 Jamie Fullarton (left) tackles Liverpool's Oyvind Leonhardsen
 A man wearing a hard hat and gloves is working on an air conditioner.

==

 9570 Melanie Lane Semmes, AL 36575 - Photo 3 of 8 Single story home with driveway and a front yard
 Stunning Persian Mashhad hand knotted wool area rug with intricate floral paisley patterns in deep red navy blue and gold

**EXERCISE**
Among the entries above, find the line with "Jamie Fullarton (left)" and the line with "A man wearing"; give again exactly these two lines and all lines between them.

**ANSWER TO THIS TASK**
 Jamie Fullarton (left) tackles Liverpool's Oyvind Leonhardsen
 A man wearing a hard hat and gloves is working on an air conditioner.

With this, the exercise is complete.